If you're using "2.3.3" as a creative tag (perhaps a 2-meter distance, f/3.3 aperture, or similar), focus on the quality of the blur Post Idea:

"Chasing that perfect creamy background. ✨ To get the best bokeh, remember the golden rule: maximize distance between your subject and the backdrop. 📸 [Source: Canon Europe Quick tips for this look: Wide Aperture : Stick to f/2.8 or lower if your lens allows it. Long Focal Length

: 85mm or 135mm lenses compress the background beautifully. [Source: Pocket Creatives Light Orbs

: Look for 'point' light sources like fairy lights or street lamps for those iconic circles. [Source: of a data visualization project?

Overview of Bokeh

Bokeh is an open-source library that allows users to create web-based interactive plots, charts, and dashboards. It's designed to be highly customizable and extensible, making it a favorite among data scientists, researchers, and developers.

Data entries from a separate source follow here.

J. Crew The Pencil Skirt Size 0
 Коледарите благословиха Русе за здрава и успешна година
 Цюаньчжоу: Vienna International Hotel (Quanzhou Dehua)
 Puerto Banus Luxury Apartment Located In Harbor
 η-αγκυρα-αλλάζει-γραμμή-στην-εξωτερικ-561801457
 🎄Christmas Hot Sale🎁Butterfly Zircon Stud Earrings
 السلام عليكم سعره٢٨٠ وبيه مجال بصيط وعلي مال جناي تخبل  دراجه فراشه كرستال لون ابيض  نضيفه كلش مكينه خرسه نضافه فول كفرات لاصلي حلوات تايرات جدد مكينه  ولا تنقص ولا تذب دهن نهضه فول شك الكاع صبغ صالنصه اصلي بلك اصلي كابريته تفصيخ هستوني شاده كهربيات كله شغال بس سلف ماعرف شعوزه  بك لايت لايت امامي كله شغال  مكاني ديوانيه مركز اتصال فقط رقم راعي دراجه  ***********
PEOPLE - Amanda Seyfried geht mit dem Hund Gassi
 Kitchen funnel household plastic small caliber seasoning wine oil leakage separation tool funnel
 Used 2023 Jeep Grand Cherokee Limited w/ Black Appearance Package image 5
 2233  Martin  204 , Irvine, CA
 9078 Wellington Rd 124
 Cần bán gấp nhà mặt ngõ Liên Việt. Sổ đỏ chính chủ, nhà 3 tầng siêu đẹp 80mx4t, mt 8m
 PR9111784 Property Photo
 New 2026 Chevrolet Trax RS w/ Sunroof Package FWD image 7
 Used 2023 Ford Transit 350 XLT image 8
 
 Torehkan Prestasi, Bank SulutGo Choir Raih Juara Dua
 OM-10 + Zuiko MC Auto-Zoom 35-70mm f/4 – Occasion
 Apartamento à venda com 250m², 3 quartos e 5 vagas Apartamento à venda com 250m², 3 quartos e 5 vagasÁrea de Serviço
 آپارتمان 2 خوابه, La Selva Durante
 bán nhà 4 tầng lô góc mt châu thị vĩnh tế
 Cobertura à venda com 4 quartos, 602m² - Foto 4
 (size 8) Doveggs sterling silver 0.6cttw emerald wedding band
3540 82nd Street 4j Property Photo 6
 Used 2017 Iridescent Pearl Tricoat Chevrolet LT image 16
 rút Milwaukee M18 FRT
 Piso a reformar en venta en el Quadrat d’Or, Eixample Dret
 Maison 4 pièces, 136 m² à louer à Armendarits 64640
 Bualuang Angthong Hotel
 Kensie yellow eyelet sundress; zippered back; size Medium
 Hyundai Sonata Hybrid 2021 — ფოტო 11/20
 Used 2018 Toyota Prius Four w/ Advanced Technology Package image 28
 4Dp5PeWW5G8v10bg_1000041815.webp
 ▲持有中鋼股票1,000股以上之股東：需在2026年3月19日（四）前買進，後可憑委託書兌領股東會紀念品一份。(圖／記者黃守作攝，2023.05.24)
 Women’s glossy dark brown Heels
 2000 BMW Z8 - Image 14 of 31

Key Features of Bokeh 2.3.3

The Bokeh 2.3.3 release includes several new features, improvements, and bug fixes. Some of the key highlights include:

What's New in Bokeh 2.3.3

Here's a summary of the major changes in Bokeh 2.3.3:

  • Improvements:
  • Bug Fixes:
  • Upgrade and Installation

    To upgrade to Bokeh 2.3.3, you can use pip:

    pip install --upgrade bokeh
    

    Or, if you're using conda:

    conda update bokeh
    

    If you're new to Bokeh, you can install it using pip or conda:

    pip install bokeh
    

    or

    conda install bokeh
    

    Example Use Cases

    Here are a few examples of using Bokeh 2.3.3:

    Example 1: Simple Line Plot

    import numpy as np
    from bokeh.plotting import figure, show
    x = np.linspace(0, 10, 100)
    y = np.sin(x)
    p = figure(title="simple line plot")
    p.line(x, y, legend_label="sin(x)")
    show(p)
    

    Example 2: Interactive Dashboard

    import numpy as np
    from bokeh.plotting import figure, show
    from bokeh.models import ColumnDataSource, HoverTool
    # Create a sample dataset
    x = np.random.normal(size=100)
    y = np.random.normal(size=100)
    # Create a ColumnDataSource
    source = ColumnDataSource(data=dict(x=x, y=y))
    # Create a figure
    p = figure(title="Interactive Dashboard")
    # Add a line renderer
    p.line('x', 'y', source=source)
    # Add a hover tool
    hover = HoverTool(tooltips=[
        ("x", "@x"),
        ("y", "@y"),
    ])
    p.add_tools(hover)
    # Show the plot
    show(p)
    

    These examples demonstrate the simplicity and flexibility of Bokeh 2.3.3. With its powerful features and extensive customization options, Bokeh is an ideal choice for creating interactive visualizations and dashboards. | Problem | Fix | |---------|-----| | Jupyter


    For scatter plots with tens or hundreds of thousands of points, Bokeh 2.3.3 includes refinements to the WebGL rendering backend. Markers no longer flicker when panning and zooming, and performance degradation over time (memory leaks) was significantly reduced.